─── The data ───

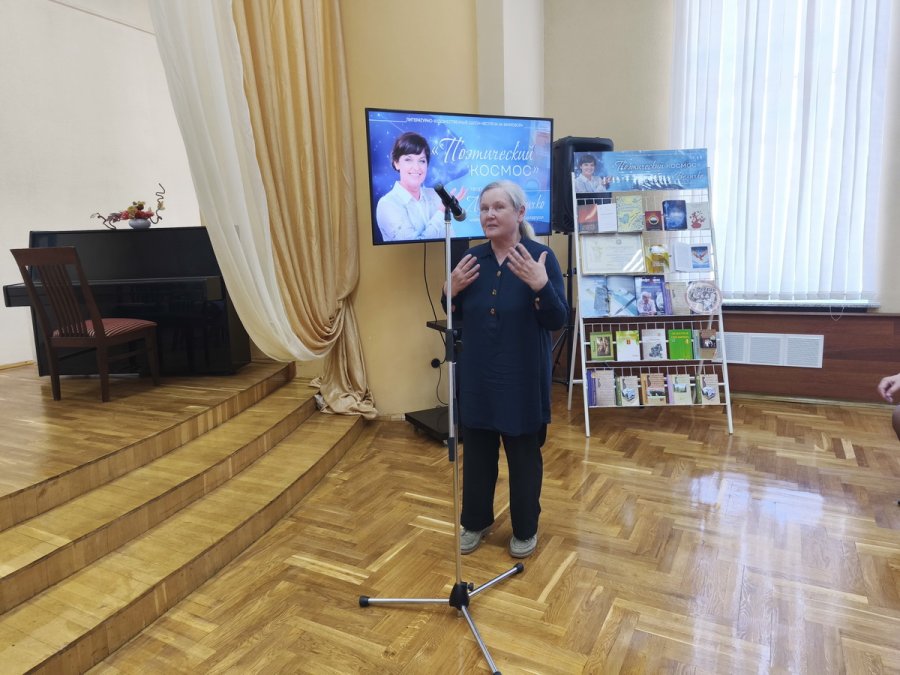 Творческий вечер Лилии Величко «Поэтический космос»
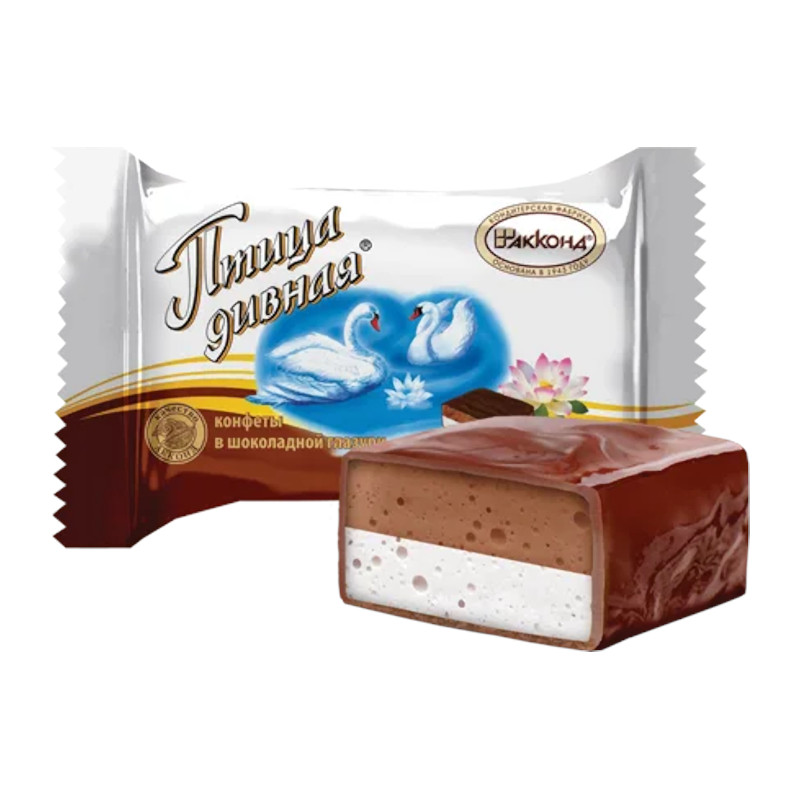 Konfektes "AKKOND" "Птица дивная" šokolādes glazūrā, divslāņu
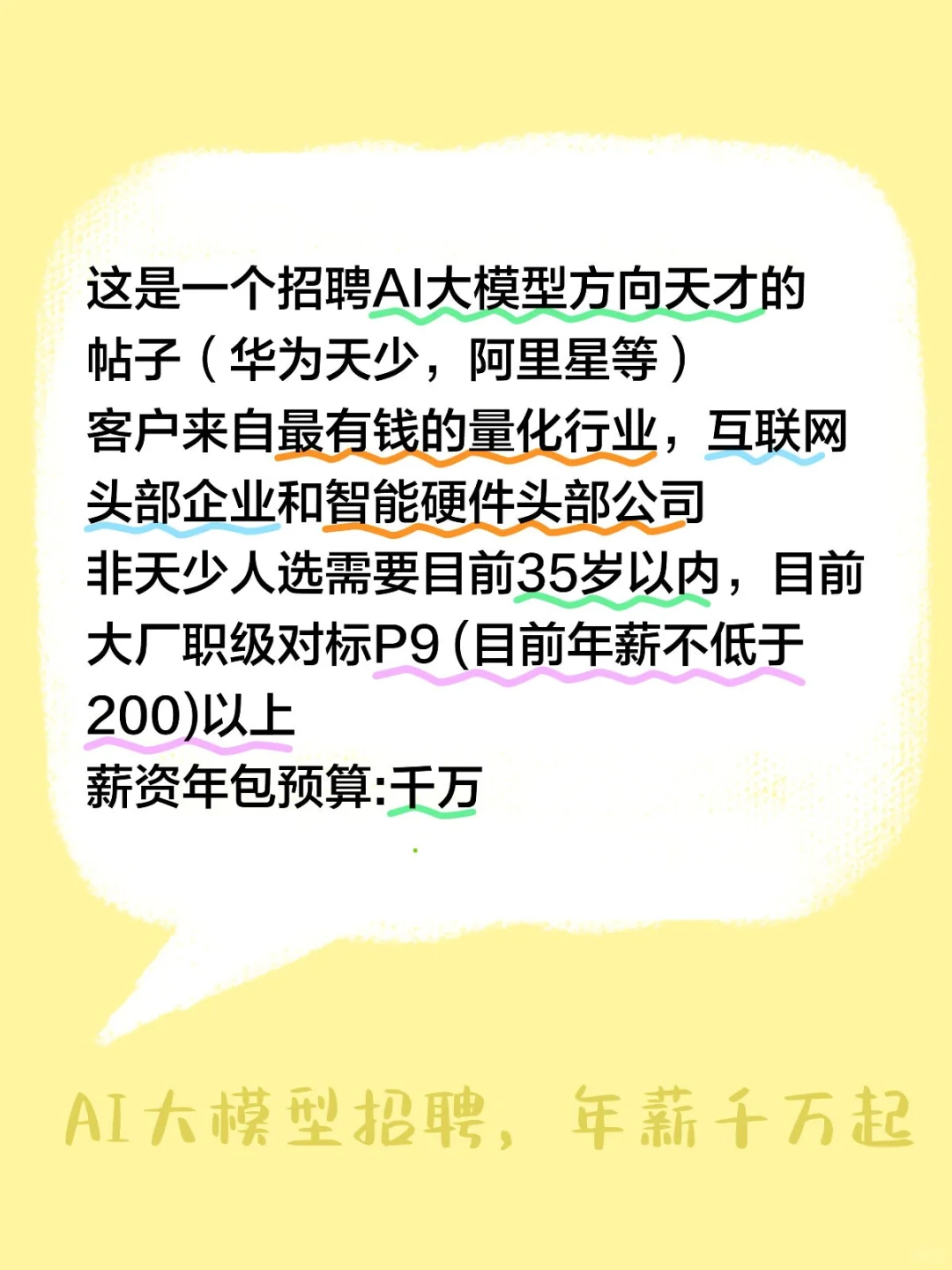 千万年薪招聘项目: AI方向天才少年/特招
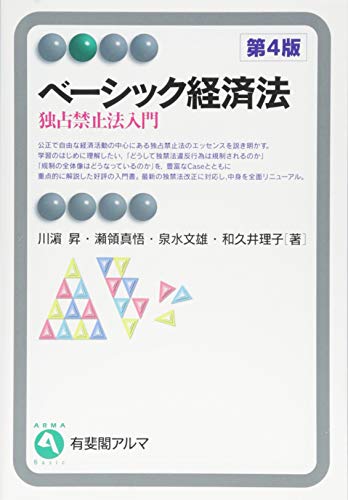 ベーシック経済法 -- 独占禁止法入門 第4版 (有斐閣アルマ) [May 31， 2014] 川濵 昇 瀬領 真悟 泉水 文雄; 和久井 理子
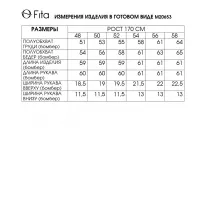 Пиджак Fita 20653 Деяна серо-голубой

───

• **Task requirements**:
Copy out the material above in full and exactly; its pictures are not to appear.

• **Problem solution**:
 Творческий вечер Лилии Величко «Поэтический космос»
 Konfektes "AKKOND" "Птица дивная" šokolādes glazūrā, divslāņu
 千万年薪招聘项目: AI方向天才少年/特招
 ベーシック経済法 -- 独占禁止法入門 第4版 (有斐閣アルマ) [May 31， 2014] 川濵 昇 瀬領 真悟 泉水 文雄; 和久井 理子
 Пиджак Fita 20653 Деяна серо-голубой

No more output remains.